Tyler entered a rehab facility in December, but a series of strange instances (including a visit to a karaoke bar and gig singing in a Home Depot) have created doubt among fans as to what Tyler's future with the band would be. Aerosmith have been through a lot as a band (drug issues, public apathy, that one time their drummer set himself on fire), but they're becoming dangerously close to joining the pantheon of bands who become known more for their personal drama than for the music itself. Who else is in that pantheon? Glad you asked!
Courtney Love/Hole
Love didn't invent the concept of band drama, but she certainly refined it to an art form. It's been six years since she released her debut solo album America's Sweetheart, and since then, she has gone to war with the former members of Nirvana, her old bandmates in Hole, the makers of "Guitar Hero," a credit card company and her own daughter Frances Bean Cobain. She is only now making her live performance comeback, though her heavily-bootlegged follow-up album Nobody's Daughter remains somewhere in limbo. But even if her new album is the new decade's version of Kid A, her personal drama will still eclipse the music.
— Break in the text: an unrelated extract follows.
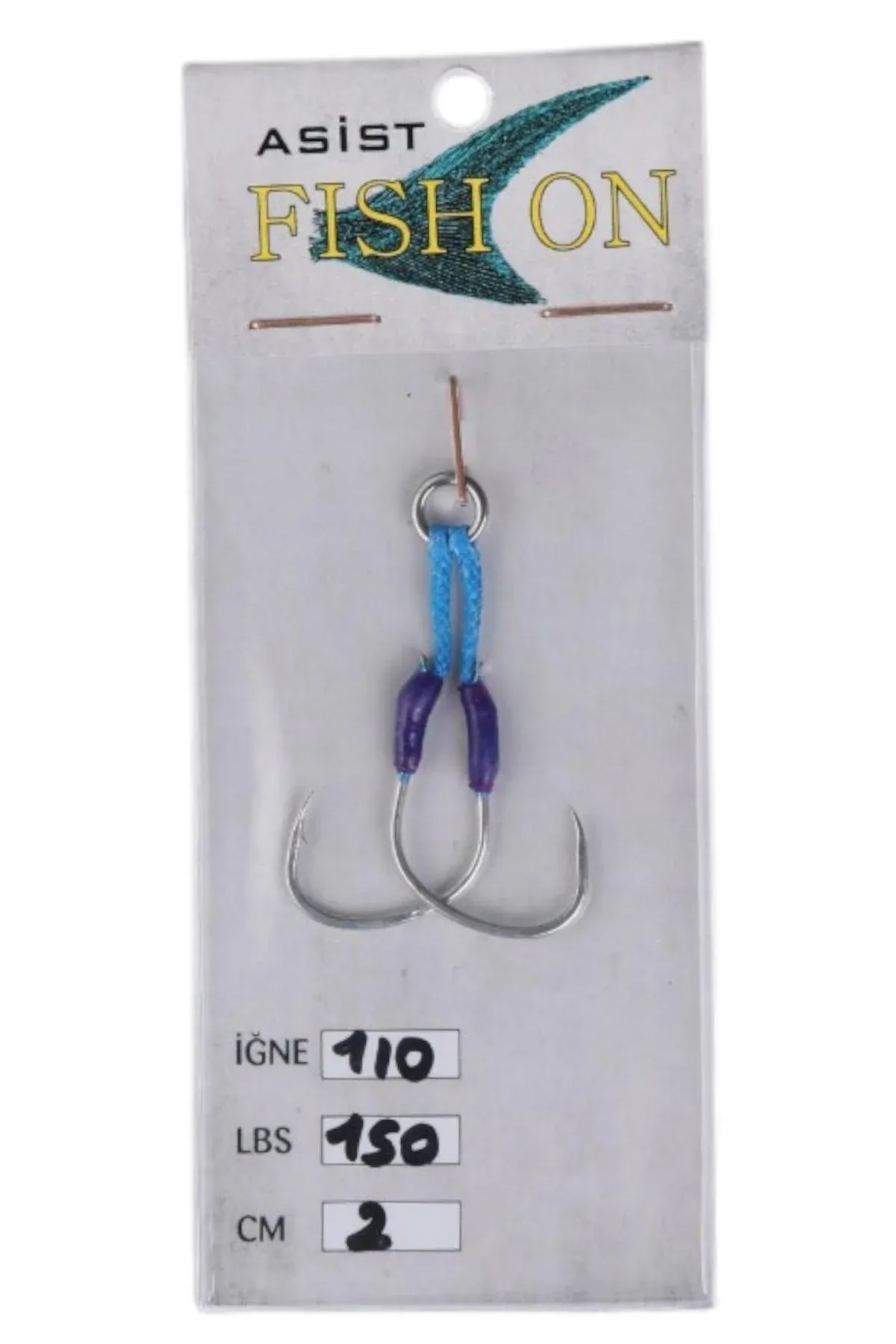 fish on asist iğne 1/0 numara iğne/2 cm /150 lb mor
Whatever Band Pete Doherty Is Currently In
The beleaguered British star, who first broke out with the Libertines and then formed Babyshambles, is known more for dating Kate Moss and taking photos of himself while doing drugs than anything he has ever recorded. Every time he schedules a concert, the question becomes not "What will he play?" but rather "Will he make it to the stage?"
Amy Winehouse
She grabbed everyone's attention back in 2006 when her Back to Black floored music fans around the world and launched a mini-genre of her very own. But since Winehouse won five Grammys, it's been nothing but issues involving drugs, her health, her strange relationship with her parents, her legal problems and her relationship with on-again/off-again boyfriend/husband Blake Fielder-Civil.
Oasis
When they were putting out all-time great singles like "Wonderwall" and "Supersonic," everybody was willing to overlook the fact that the two brothers at the front of the action were constantly at odds. But in the past few years of middling albums and go-nowhere singles, all of the focus has been on the war of words between Liam and Noel Gallagher. And even though the band officially broke it off last year, whenever either brother puts out any music, the question will immediately be "What does the other brother think?"
Axl Rose
No fewer than 17,000 people have been in Guns N' Roses since the release of the Use Your Illusion albums and Axl essentially turned the group into a solo project. Since then, he has floated in and out of the public's consciousness, released one album and sporadically toured (most recently, he showed up for a surprise show during New York Fashion Week). The drama surrounding Rose and his various players has long eclipsed the fact that "Welcome to the Jungle" still rules.